■ **Task description**
After locating the line with "2 Drawers Nightstand With Fret Work Detail" below, output it and each following line exactly, stopping after the line with "Double Armorial History Framed - Gold". No pictures.

···

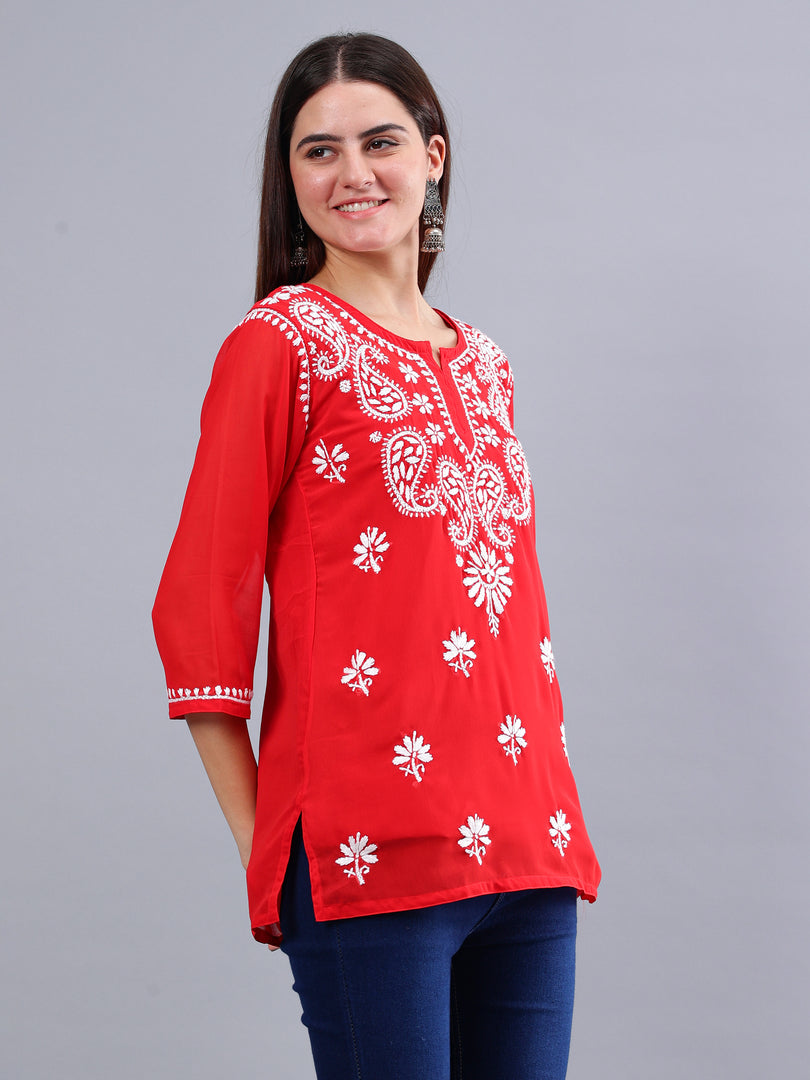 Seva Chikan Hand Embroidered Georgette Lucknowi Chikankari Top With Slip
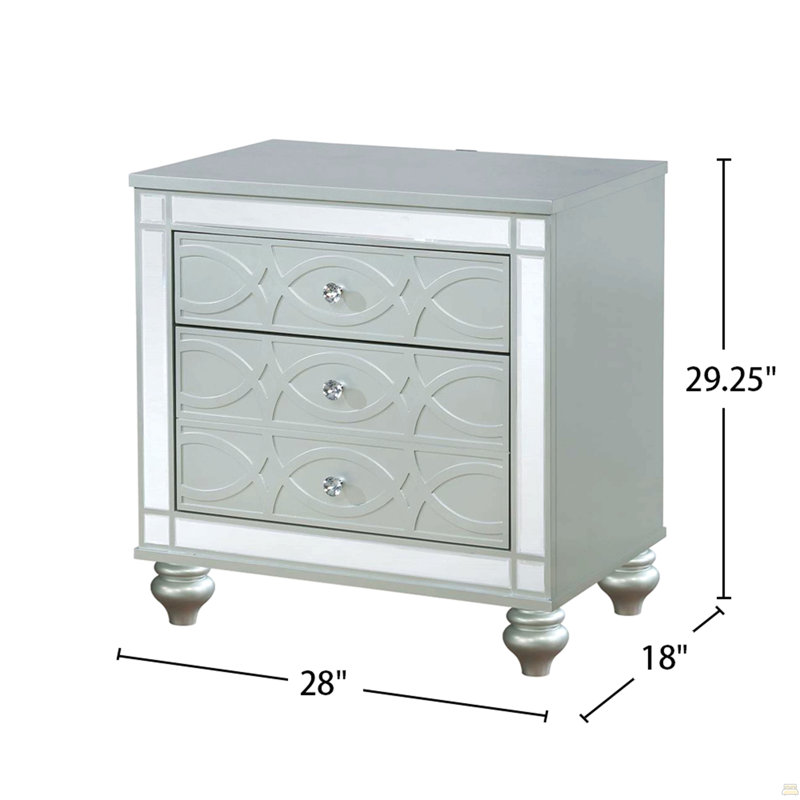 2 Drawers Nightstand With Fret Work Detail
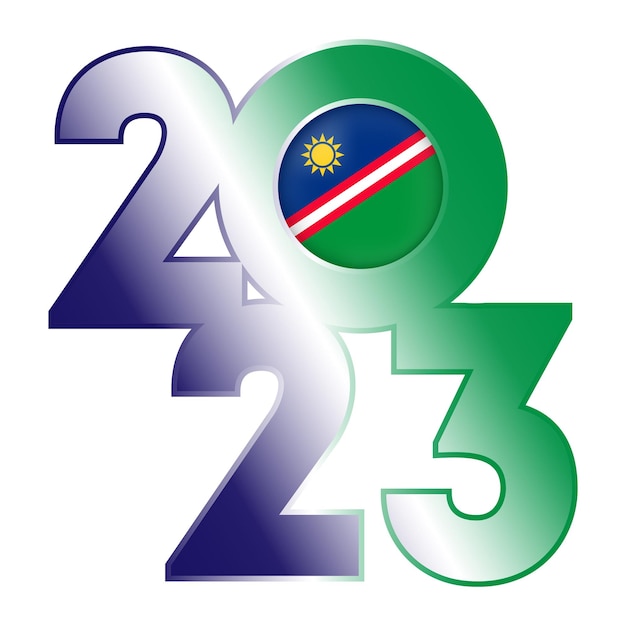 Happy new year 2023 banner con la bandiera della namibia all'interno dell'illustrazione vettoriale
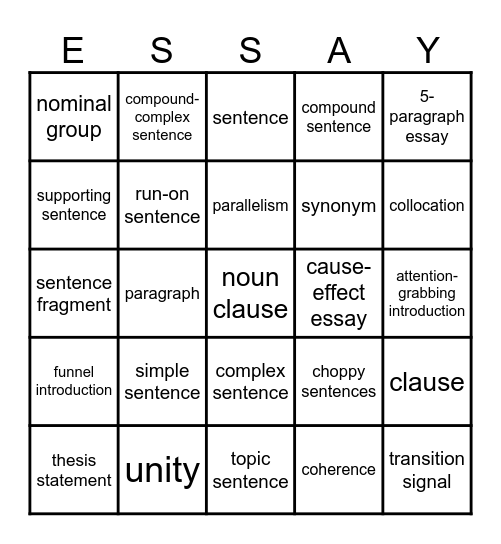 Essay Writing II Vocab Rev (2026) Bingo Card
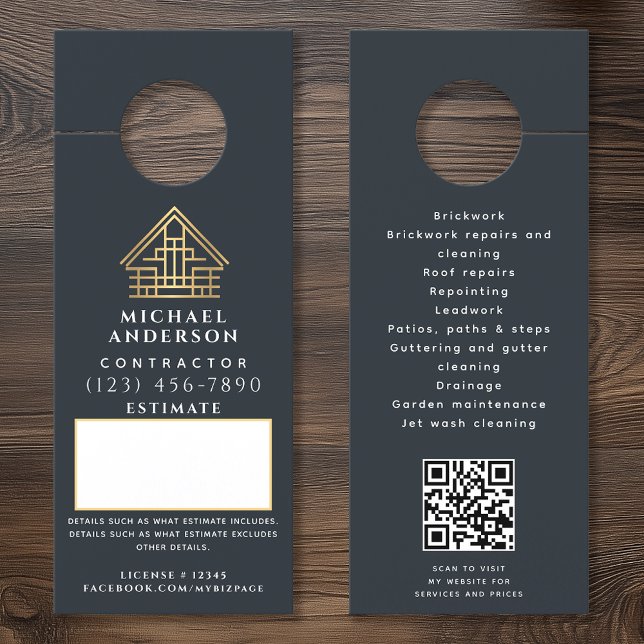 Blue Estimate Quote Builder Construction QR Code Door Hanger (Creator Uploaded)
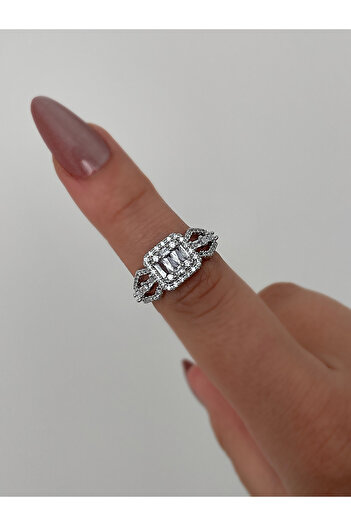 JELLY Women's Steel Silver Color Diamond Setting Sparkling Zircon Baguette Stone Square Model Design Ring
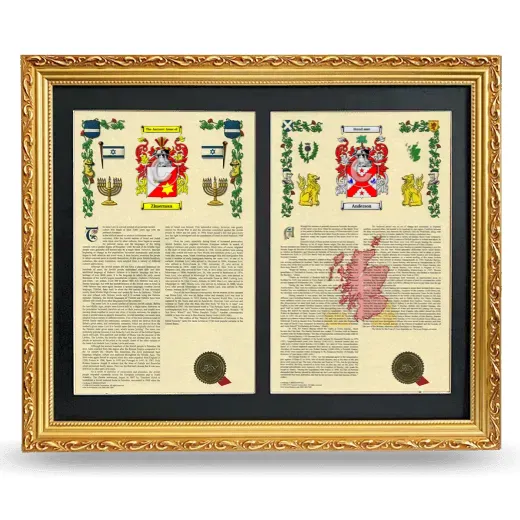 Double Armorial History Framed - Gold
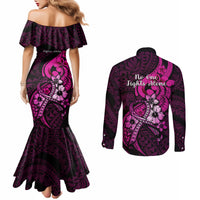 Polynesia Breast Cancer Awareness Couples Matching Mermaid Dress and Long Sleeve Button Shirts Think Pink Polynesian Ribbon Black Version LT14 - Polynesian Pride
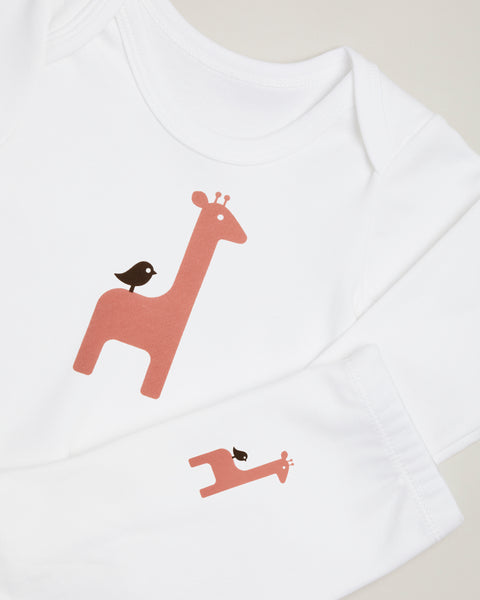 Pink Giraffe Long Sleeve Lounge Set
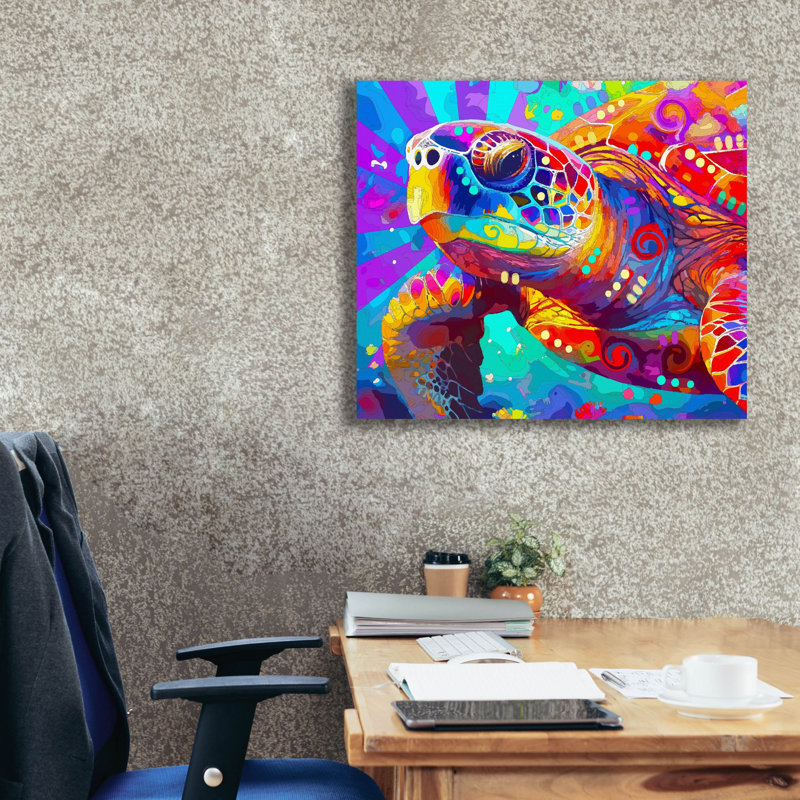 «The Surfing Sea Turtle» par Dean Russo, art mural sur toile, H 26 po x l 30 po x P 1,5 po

···

■ **Written response**
 2 Drawers Nightstand With Fret Work Detail
 Happy new year 2023 banner con la bandiera della namibia all'interno dell'illustrazione vettoriale
 Essay Writing II Vocab Rev (2026) Bingo Card
 Blue Estimate Quote Builder Construction QR Code Door Hanger (Creator Uploaded)
 JELLY Women's Steel Silver Color Diamond Setting Sparkling Zircon Baguette Stone Square Model Design Ring
 Double Armorial History Framed - Gold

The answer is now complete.